While trying to understand how cudaMalloc() works for 2d matrix I came across the following post:
Using cudaMalloc to allocate a matrix
I wanted to clarify some points of the answer given by talonmies hence created this seperate post. Talonmies gave the following solution.
float **pa;
float **pah = (float **)malloc(pah, N * sizeof(float *));
cudaMalloc((void***)&pa, N*sizeof(float*));
for(i=0; i<N; i++) {
cudaMalloc((void**) &(pah[i]), N*sizeof(float));
cudaMemcpy (pah[i], A[i], N*sizeof(float), cudaMemcpyHostToDevice);
}
cudaMemcpy (pa, pah, N*sizeof(float *), cudaMemcpyHostToDevice);
The code in line 5 :
cudaMalloc((void**) &(pah[i]), N*sizeof(float));
creates a block N*float space in device memory and put puts the starting address of the i-th block of device memory in pah[i]. pah[i] reside in the host memory, but the content of each pah[i] is the address of the memory created in the device.

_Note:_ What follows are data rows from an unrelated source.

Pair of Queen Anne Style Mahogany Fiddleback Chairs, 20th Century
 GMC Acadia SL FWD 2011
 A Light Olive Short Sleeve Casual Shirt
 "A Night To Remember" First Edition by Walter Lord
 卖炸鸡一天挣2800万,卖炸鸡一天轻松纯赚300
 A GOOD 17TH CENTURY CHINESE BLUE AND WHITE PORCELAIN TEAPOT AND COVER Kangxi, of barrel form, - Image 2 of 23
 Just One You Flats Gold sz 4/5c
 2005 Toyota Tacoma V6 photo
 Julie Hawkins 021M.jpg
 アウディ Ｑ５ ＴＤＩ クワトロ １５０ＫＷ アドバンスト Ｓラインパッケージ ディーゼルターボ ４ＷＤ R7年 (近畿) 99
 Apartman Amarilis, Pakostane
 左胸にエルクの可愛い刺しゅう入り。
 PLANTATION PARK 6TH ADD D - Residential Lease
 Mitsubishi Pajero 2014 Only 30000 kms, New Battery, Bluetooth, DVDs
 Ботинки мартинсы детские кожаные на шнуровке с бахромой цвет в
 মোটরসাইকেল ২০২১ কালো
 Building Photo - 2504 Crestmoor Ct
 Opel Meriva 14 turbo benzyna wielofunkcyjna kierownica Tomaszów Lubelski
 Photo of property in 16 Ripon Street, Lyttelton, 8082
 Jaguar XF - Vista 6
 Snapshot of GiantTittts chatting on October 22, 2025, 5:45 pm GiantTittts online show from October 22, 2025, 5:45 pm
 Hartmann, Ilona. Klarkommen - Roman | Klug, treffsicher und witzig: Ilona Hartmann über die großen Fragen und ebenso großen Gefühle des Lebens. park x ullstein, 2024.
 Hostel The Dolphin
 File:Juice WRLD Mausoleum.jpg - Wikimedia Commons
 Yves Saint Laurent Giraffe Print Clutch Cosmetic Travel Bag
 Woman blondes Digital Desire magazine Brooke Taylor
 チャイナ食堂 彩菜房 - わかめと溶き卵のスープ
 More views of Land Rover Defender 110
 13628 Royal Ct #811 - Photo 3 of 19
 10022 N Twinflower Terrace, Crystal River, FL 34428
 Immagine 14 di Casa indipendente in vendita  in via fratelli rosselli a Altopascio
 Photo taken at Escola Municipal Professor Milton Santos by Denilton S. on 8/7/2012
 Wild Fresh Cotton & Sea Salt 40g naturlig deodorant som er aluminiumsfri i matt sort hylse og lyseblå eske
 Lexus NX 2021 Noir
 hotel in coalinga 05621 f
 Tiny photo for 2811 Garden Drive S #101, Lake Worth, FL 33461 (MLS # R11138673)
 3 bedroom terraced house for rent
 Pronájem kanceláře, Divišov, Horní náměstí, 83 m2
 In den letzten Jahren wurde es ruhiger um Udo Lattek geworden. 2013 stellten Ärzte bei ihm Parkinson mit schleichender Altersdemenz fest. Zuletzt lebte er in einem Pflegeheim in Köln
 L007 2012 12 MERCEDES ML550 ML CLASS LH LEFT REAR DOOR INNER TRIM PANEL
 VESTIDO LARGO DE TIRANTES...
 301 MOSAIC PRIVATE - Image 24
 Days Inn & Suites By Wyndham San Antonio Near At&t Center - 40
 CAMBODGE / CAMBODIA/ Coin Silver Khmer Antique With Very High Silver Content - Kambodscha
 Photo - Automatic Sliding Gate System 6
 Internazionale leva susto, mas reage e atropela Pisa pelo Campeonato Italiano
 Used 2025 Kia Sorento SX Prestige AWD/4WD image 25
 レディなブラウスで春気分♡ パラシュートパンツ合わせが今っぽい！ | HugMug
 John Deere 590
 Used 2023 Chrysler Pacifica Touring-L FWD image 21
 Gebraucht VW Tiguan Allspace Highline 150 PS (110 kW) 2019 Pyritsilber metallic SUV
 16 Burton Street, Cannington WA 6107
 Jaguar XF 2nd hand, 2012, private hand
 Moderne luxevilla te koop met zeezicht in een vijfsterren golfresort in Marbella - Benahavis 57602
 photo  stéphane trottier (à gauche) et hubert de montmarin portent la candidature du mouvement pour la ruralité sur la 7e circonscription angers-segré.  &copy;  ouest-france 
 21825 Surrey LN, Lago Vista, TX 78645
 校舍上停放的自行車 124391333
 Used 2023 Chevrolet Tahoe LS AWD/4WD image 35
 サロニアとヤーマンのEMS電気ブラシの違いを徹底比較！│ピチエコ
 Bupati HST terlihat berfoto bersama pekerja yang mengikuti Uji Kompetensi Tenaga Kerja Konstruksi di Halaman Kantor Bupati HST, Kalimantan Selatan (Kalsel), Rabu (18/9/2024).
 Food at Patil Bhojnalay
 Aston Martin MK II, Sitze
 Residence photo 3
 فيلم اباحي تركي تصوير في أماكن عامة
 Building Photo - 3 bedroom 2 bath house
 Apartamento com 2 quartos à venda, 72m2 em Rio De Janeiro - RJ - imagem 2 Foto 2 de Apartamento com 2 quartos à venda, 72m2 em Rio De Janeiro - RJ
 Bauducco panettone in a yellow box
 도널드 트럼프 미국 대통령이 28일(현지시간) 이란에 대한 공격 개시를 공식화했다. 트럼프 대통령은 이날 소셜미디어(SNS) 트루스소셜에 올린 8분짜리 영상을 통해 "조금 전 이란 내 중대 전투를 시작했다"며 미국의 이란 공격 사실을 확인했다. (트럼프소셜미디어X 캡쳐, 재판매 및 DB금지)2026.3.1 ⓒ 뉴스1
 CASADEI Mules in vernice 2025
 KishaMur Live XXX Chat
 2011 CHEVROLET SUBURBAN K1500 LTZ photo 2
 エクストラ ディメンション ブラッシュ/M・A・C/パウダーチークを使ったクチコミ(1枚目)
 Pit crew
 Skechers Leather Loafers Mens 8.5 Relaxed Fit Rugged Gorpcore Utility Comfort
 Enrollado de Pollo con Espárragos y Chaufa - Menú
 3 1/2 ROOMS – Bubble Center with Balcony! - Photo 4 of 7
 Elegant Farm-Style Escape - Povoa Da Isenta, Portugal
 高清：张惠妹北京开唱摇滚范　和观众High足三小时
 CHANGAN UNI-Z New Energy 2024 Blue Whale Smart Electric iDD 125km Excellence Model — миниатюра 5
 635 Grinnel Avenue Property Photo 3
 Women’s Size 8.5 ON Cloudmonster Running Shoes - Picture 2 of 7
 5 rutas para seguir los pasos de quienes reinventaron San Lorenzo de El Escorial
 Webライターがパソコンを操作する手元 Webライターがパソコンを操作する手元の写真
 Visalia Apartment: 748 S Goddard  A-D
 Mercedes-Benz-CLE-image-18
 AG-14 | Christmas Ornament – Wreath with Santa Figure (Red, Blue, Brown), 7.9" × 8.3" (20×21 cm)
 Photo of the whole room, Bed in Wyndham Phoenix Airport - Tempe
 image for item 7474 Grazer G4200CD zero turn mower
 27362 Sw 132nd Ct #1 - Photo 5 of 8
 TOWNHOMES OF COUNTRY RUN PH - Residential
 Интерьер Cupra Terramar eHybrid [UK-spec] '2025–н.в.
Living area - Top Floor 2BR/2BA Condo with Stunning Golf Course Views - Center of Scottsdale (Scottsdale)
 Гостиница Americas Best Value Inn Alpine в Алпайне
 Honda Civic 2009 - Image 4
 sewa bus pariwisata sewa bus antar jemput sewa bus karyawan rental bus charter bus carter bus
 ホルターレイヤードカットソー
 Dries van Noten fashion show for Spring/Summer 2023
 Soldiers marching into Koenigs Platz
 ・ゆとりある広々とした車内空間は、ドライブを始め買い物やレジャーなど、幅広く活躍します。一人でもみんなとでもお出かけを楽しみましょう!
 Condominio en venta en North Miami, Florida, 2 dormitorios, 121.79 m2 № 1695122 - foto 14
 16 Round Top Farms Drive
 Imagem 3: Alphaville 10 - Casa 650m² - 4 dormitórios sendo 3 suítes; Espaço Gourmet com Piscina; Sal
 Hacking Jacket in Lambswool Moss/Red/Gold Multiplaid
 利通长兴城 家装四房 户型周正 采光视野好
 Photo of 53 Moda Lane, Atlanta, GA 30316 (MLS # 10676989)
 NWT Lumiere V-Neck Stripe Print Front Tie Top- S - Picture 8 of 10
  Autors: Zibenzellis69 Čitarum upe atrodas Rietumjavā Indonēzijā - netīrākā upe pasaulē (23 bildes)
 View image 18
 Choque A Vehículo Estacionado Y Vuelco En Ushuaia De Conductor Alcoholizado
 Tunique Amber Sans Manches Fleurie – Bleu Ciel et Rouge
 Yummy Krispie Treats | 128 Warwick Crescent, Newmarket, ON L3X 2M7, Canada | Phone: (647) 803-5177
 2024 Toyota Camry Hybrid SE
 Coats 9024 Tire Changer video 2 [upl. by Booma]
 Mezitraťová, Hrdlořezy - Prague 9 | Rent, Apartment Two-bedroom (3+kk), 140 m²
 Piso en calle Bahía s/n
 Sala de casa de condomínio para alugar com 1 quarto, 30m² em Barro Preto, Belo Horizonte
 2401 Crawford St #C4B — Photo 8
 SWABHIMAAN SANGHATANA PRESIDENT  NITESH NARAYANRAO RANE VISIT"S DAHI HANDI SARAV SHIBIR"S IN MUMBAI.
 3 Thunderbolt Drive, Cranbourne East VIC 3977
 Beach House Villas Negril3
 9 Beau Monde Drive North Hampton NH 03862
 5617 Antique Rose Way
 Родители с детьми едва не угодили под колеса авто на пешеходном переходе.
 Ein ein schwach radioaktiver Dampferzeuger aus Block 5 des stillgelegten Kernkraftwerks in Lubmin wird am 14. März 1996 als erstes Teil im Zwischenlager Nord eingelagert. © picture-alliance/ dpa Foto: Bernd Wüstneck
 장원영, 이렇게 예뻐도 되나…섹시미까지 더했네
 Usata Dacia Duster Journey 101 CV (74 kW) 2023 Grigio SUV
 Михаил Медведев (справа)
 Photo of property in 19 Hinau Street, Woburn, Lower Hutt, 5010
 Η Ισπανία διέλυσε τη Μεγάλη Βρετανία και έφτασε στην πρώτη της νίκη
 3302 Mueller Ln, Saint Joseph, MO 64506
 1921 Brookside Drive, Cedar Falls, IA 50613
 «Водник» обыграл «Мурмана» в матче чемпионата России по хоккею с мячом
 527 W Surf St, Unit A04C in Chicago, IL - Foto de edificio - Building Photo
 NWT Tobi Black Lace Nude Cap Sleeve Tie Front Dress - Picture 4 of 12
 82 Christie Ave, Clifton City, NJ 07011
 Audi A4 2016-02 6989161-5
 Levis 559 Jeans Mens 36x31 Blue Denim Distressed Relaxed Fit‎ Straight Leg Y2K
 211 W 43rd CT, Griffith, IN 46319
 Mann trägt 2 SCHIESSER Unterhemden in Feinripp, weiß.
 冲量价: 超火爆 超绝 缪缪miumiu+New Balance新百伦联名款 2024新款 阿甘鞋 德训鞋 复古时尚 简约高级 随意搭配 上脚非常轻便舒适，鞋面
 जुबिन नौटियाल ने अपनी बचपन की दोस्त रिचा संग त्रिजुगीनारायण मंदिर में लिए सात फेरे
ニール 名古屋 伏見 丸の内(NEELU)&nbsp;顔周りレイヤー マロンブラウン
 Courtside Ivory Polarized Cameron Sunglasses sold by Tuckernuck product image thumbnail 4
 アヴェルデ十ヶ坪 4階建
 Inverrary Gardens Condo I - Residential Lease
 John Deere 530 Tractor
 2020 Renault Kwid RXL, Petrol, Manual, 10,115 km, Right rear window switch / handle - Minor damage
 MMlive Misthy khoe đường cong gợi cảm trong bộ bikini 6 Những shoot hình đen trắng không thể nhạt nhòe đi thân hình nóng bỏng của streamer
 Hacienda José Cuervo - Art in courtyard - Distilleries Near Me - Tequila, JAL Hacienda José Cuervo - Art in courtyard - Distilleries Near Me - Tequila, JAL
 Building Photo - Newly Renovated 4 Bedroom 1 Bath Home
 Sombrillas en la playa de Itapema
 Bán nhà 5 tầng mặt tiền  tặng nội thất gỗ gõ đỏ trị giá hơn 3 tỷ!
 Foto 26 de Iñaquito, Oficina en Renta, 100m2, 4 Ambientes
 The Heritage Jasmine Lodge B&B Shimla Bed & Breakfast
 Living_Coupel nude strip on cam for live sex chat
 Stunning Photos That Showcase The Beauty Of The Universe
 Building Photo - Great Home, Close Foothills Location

Question 1> Is the above understanding correct ?
The code in line 6:
cudaMemcpy (pah[i], A[i], N*sizeof(float), cudaMemcpyHostToDevice);
copies A[i] from host to the content of pah[i] (the content of pah[i] being the starting address of each of the N*float blocks).
Question 2> Is the above understanding of how the host memory gets copied to device memory correct ?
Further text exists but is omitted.